Selon les membres du Comité des langues officielles, les fonctionnaires qui sont nommés par le gouverneur en conseil (par le cabinet) devraient posséder le plus haut niveau de compétence linguistique pour la compréhension écrite et l’aptitude orale et un niveau intermédiaire pour l’écriture. S’ils ne sont pas bilingues au moment de l’embauche, les élus du comité recommandent qu’ils le soient à l’intérieur de deux ans avec des cours payés par le gouvernement.

« Dans le Canada que l’on est, avec la modernisation de la Loi sur les langues officielles, les postes de hautes fonctions publiques devraient être assujettis à cette loi-là », soutient l’élu libéral et président du Comité des langues officielles René Arseneault.

« Il y a des postes de la haute fonction publique qui n’ont pas de désignation bilingue. Alors, avec la modernisation de la Loi sur les langues officielles, on doit remplir ce manque à gagner », estime le député acadien.

Les députés libéraux, conservateurs, bloquistes et néo-démocrates ont procédé à une étude pendant plusieurs séances portant sur « les obligations linguistiques dans le processus de dotation ou de nomination à des postes clés », avant de produire ce rapport publié mardi. Le commissaire aux langues officielles Raymond Théberge soutient depuis quelques années qu’Ottawa doit obliger ses hauts fonctionnaires à parler français et anglais. C’est justement lui qui avait invité les parlementaires à se pencher sur cette étude à la suite d’une recommandation dans son rapport annuel de 2021-2022.

« Si on veut protéger le bilinguisme au Canada, il faut se donner les outils et il faut prêcher par l’exemple avec la machine gouvernementale », pense le porte-parole en Langues officielles pour les conservateurs Joël Godin.

« Idéalement, il faudrait dès le départ (exiger le bilinguisme), mais il faut respecter que l’apprentissage d’une deuxième langue, ce ne soit pas facile », concède-t-il.

2 200 fonctionnaires concernés

Les nominations approuvées par le gouverneur en conseil sont principalement celles de dirigeants des instances fédérales comme ceux à la tête des commissions, agences et institutions gouvernementales. Chaque année, ce sont près de 500 à 800 nominations qui sont effectuées par le cabinet pour un total de 2 200 personnes nommées par le gouverneur en conseil.

Il y a actuellement 11 agents du Parlement, comme le commissaire aux langues officielles, qui ont l’obligation d’être bilingues dès leur entrée en poste, en vertu de la Loi sur les compétences linguistiques. Les sous-ministres, depuis la modernisation de la Loi sur les langues officielles en 2023 et les sous-ministres délégués ont aussi cette obligation de bilinguisme.
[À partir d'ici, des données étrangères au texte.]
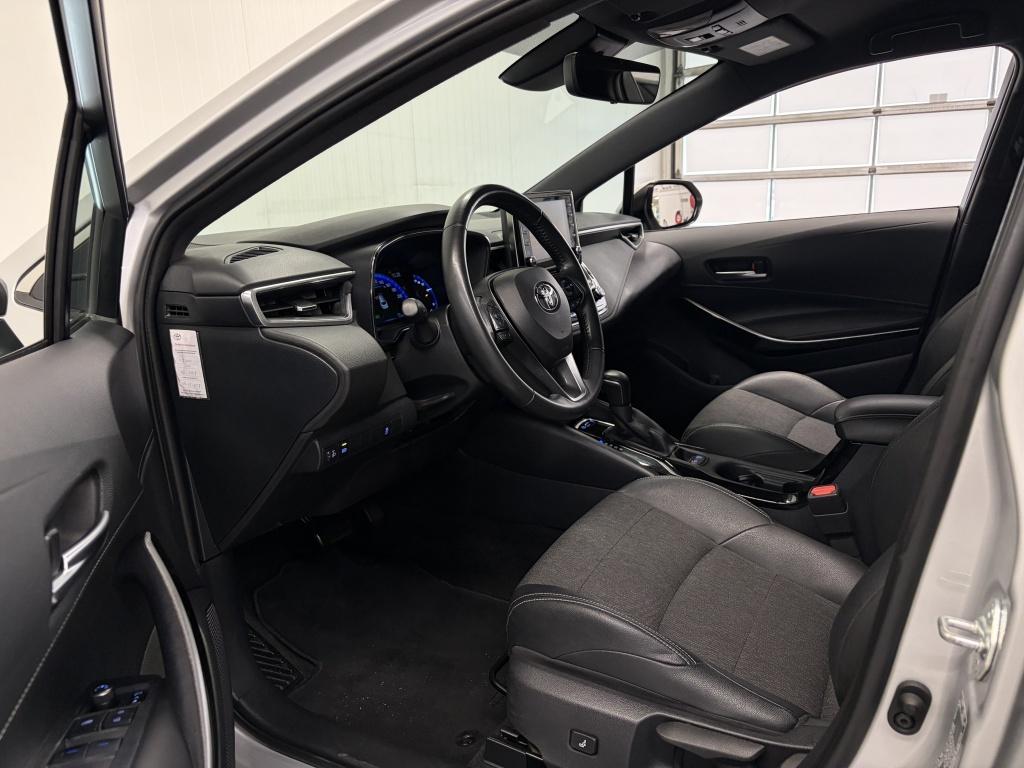 Toyota Corolla Touring Sports 1.8 hybrid dynamic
Sinon, ils doivent suivre une formation linguistique.

À l’heure actuelle, les nominations effectuées par le gouverneur en conseil spécifient que l’on « tiendra compte du bilinguisme », mais ce n’est pas obligatoire. Les candidats potentiels sont seulement invités à préciser leurs compétences linguistiques où ils leur demandent «  si, à leur avis, ils sont parfaitement bilingues, fonctionnels, limités ou unilingues  ».

« C’est un peu ridicule (à l’heure actuelle), car on voit des nominations de fonctionnaires à des postes où ils supposent connaître le français et ils ne connaissent pas le français », déplore le député du Bloc québécois Mario Beaulieu.
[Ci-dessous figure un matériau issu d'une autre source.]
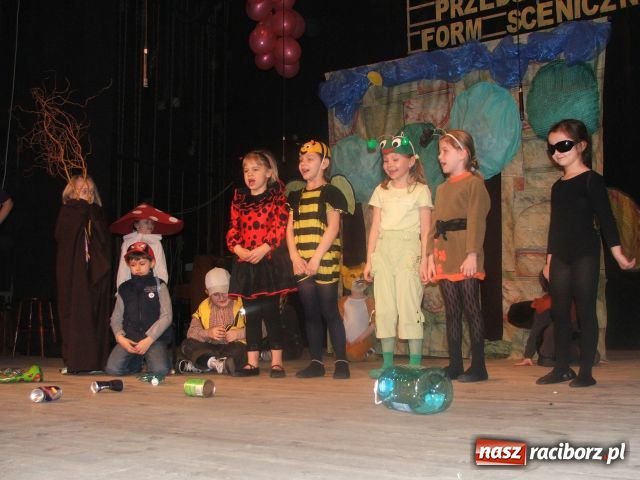 Zdjęcie w galerii na portalu naszraciborz.pl: W teatr bawią się już od przedszkola wiadomości z regionu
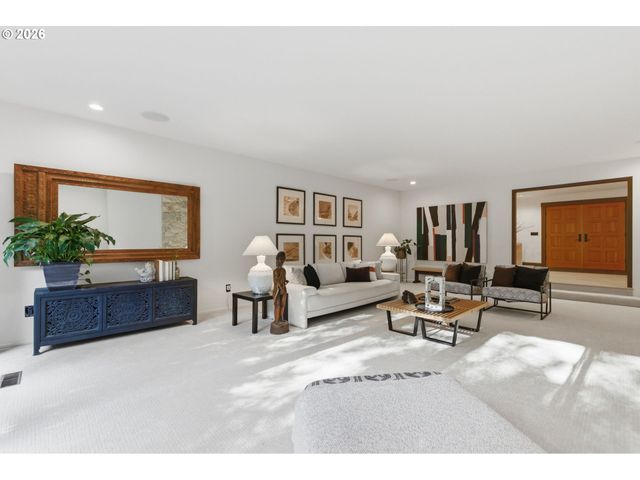 6200 Sw ROUND HILL Way, Portland, OR 97221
L’unilinguisme de hauts fonctionnaires comme Michael Rousseau, le PDG d’Air Canada, ou encore la gouverneure générale Mary Simon ont généré un nombre record de plaintes au Commissariat aux langues officielles en 2021.

« Je suis pour l’obligation que tous les hauts fonctionnaires soient bilingues, car présentement ce n’est pas obligatoire (…). Ça passerait un message très très fort qu’au niveau de la fonction publique : on valorise le bilinguisme de haut en bas », plaidait alors Raymond Théberge en entrevue avec ONFR.

Le commissaire aux langues officielles, Raymond Théberge. Archives ONFR

Les membres du comité suggèrent aussi que « le Conseil du Trésor devrait sérieusement envisager les demandes des syndicats de la fonction publique visant à augmenter la prime de bilinguisme qui n’a pas été révisée depuis 1977 ».

Ils réclament aussi de « renforcer la capacité interne de la fonction publique fédérale d’offrir la formation linguistique aux fonctionnaires fédéraux », notamment en augmentant les établissements postsecondaires qui offrent des cours de langue seconde.